__Work to complete__
Required from the data below: the exact lines starting at the line containing "Torrevieja - Playa del Cura" and ending at the line containing "Vintage Persian Kerman", with both ends kept and all pictures dropped.

__Provided records__
------------------------------------------------------------------------

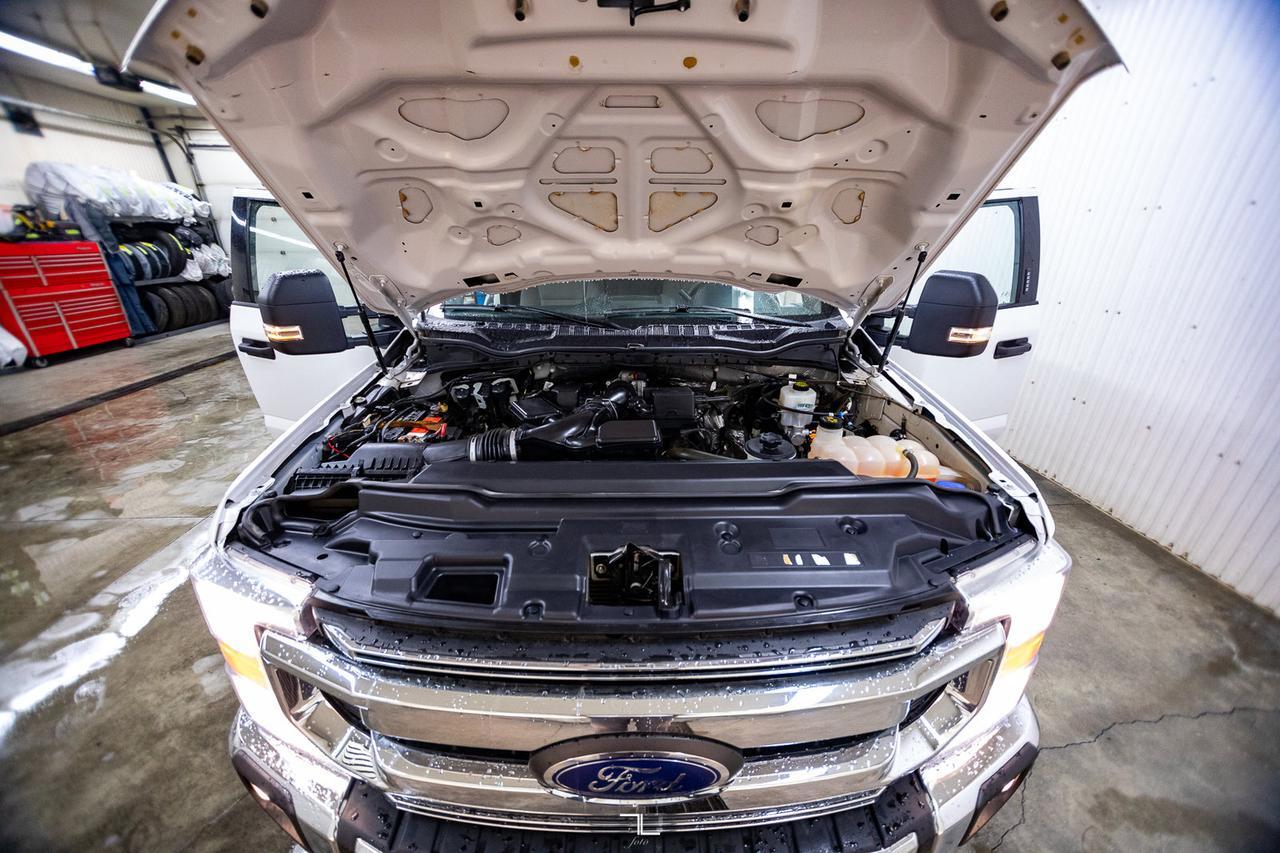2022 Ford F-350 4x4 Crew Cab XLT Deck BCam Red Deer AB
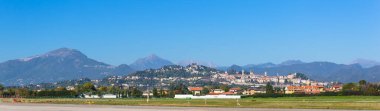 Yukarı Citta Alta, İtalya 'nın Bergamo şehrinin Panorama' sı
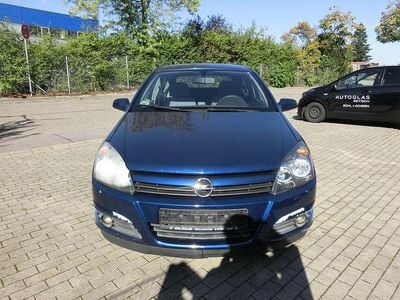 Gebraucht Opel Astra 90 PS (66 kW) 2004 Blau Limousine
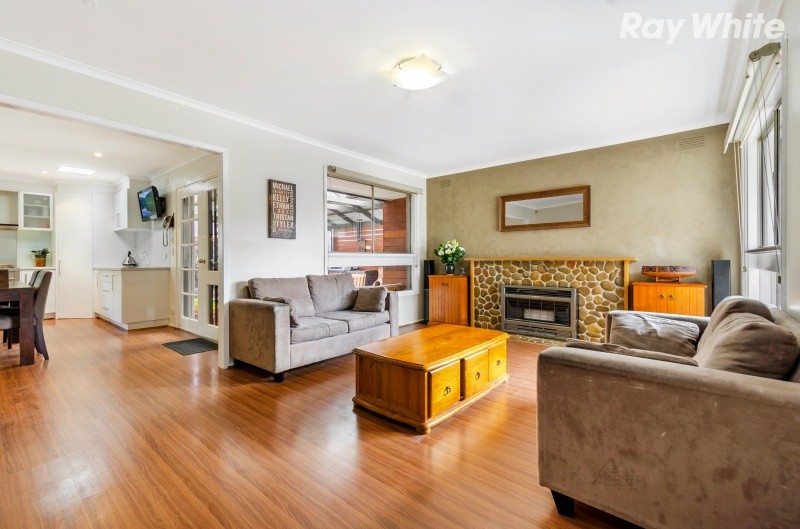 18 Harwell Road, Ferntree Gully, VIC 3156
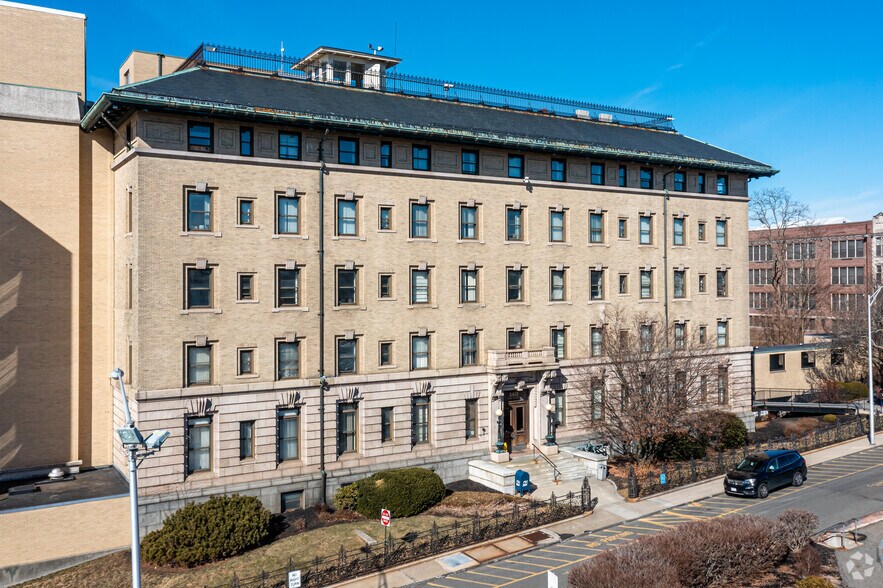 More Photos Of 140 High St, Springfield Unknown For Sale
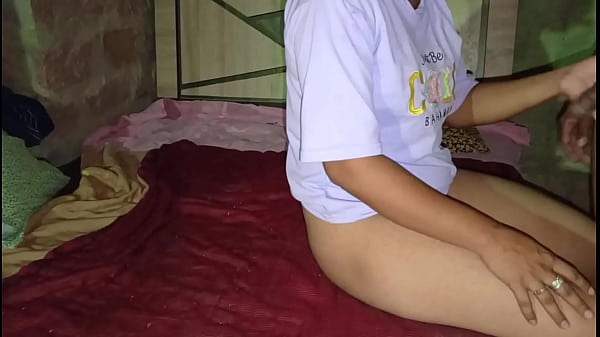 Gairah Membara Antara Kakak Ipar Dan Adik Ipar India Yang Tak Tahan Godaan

------------------------------------------------------------------------

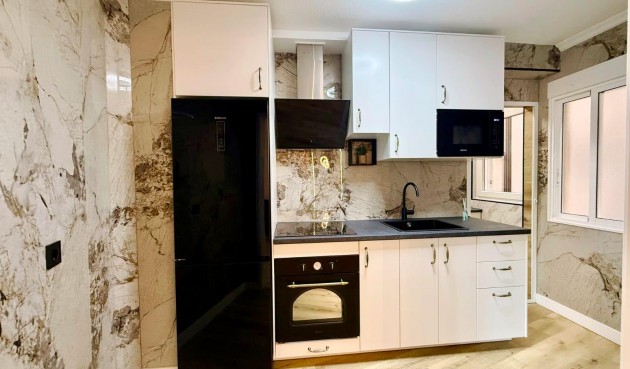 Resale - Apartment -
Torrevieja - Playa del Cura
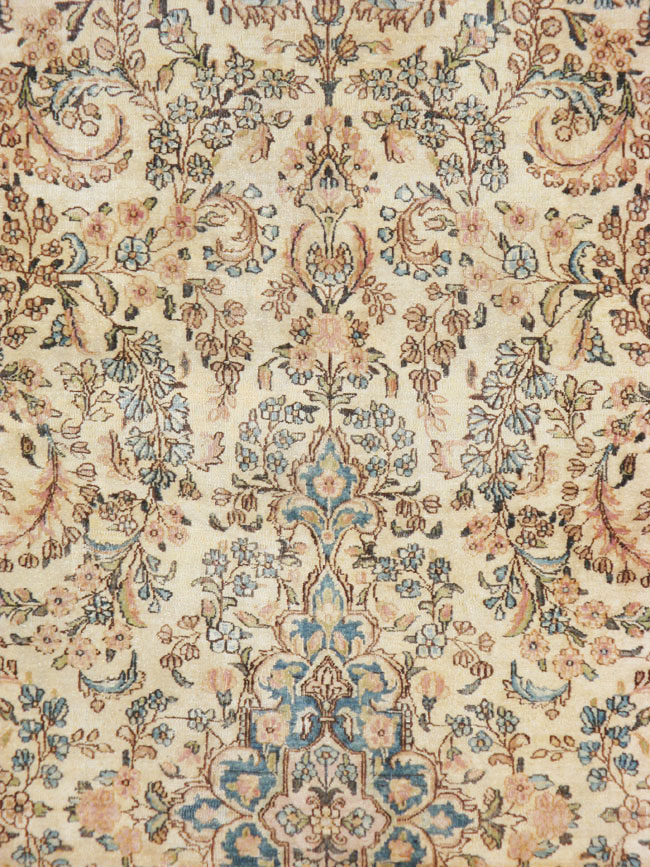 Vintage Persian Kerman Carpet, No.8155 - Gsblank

------------------------------------------------------------------------

__Task output__
Torrevieja - Playa del Cura
 Vintage Persian Kerman Carpet, No.8155 - Gsblank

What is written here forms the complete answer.